Work to complete:
Exactly the lines below from the line with "My suggestion is" through the line with "Hello everybody, my" must make up the answer, both ends included and pictures left out.

The data:
== Segment start ==
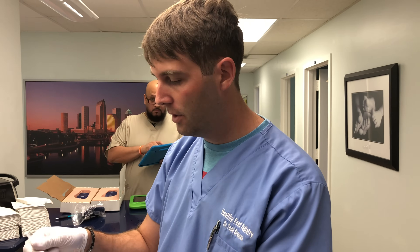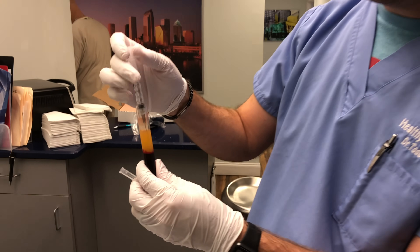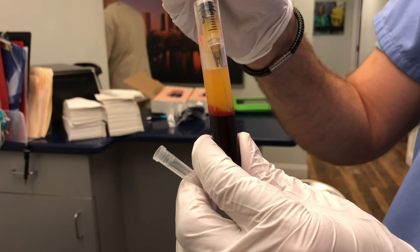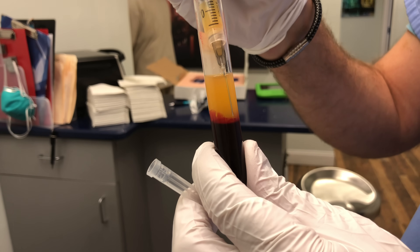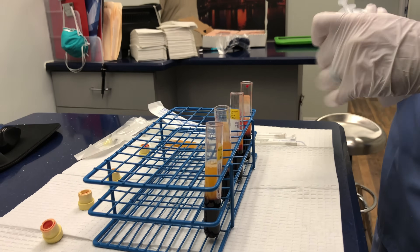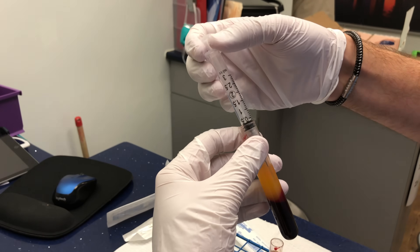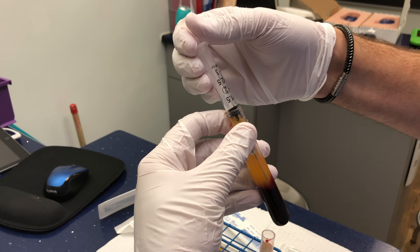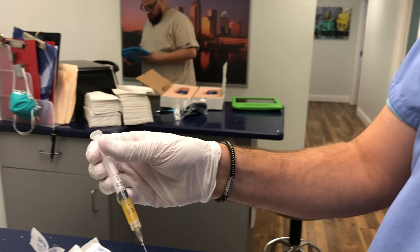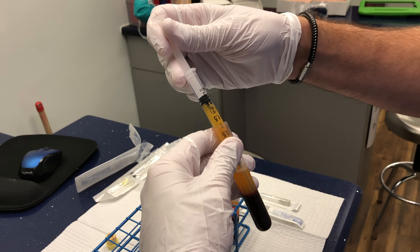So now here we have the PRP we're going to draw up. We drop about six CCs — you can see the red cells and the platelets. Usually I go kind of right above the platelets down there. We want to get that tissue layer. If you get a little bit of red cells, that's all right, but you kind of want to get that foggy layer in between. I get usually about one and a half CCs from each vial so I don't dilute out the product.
== Segment end ==
== Segment start ==
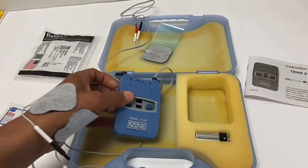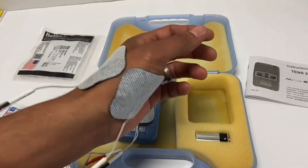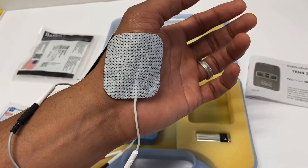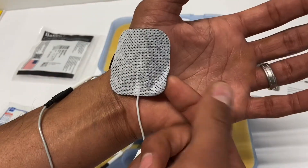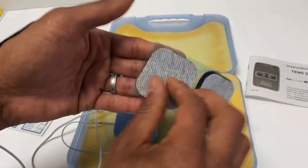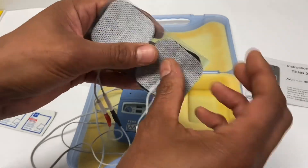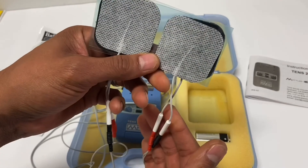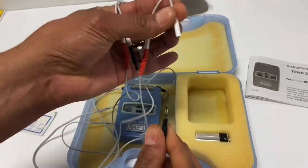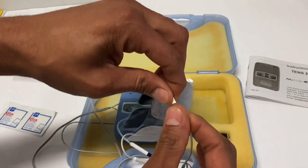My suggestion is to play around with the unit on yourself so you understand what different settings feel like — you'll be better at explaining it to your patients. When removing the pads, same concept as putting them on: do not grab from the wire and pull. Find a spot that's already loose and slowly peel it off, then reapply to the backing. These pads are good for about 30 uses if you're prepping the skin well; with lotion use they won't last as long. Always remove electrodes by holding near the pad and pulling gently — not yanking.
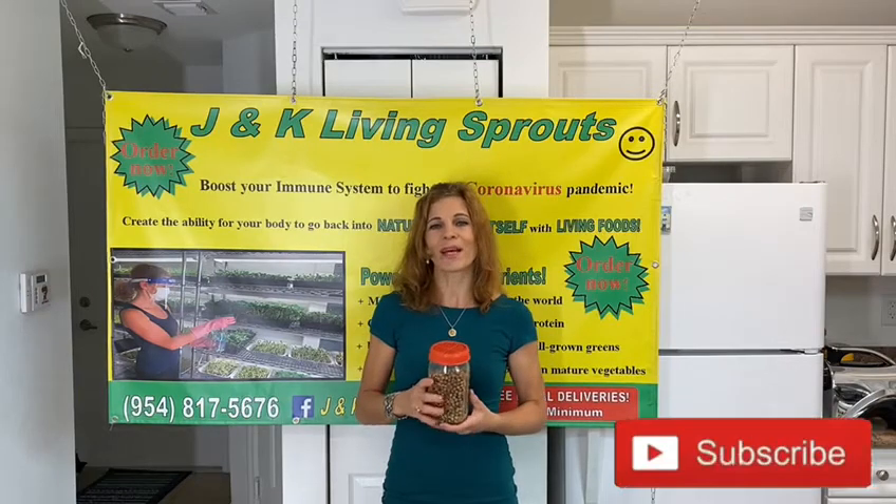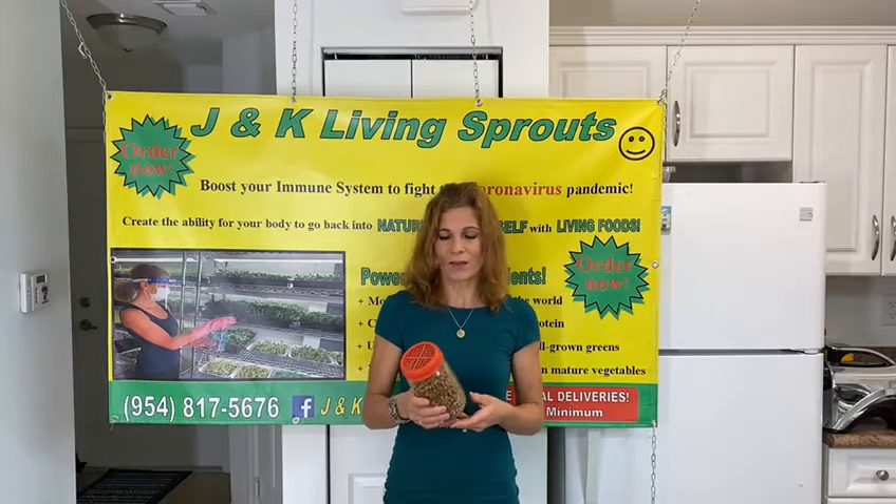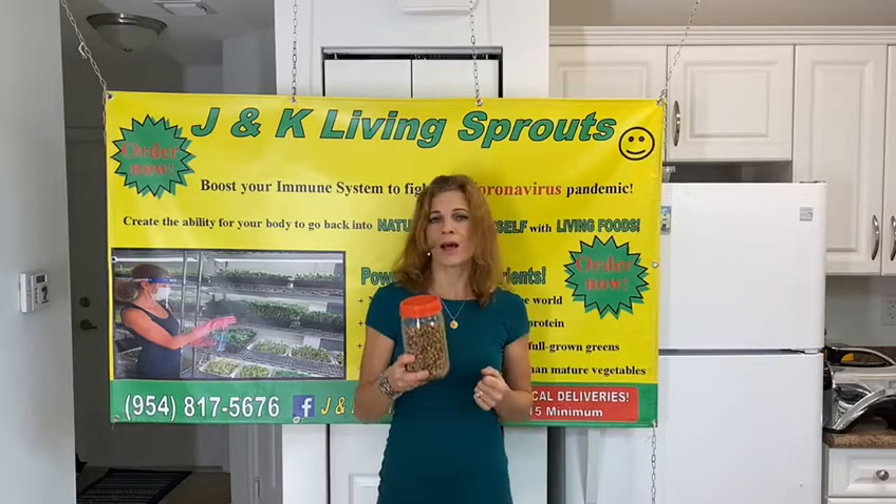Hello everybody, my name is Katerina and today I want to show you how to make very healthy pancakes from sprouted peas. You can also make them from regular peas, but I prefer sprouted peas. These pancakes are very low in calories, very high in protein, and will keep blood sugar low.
== Segment end ==
== Segment start ==
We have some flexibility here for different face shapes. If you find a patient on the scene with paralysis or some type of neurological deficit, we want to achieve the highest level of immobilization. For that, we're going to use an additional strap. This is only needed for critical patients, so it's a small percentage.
== Segment end ==
Expected answer:
My suggestion is to play around with the unit on yourself so you understand what different settings feel like — you'll be better at explaining it to your patients. When removing the pads, same concept as putting them on: do not grab from the wire and pull. Find a spot that's already loose and slowly peel it off, then reapply to the backing. These pads are good for about 30 uses if you're prepping the skin well; with lotion use they won't last as long. Always remove electrodes by holding near the pad and pulling gently — not yanking.
Hello everybody, my name is Katerina and today I want to show you how to make very healthy pancakes from sprouted peas. You can also make them from regular peas, but I prefer sprouted peas. These pancakes are very low in calories, very high in protein, and will keep blood sugar low.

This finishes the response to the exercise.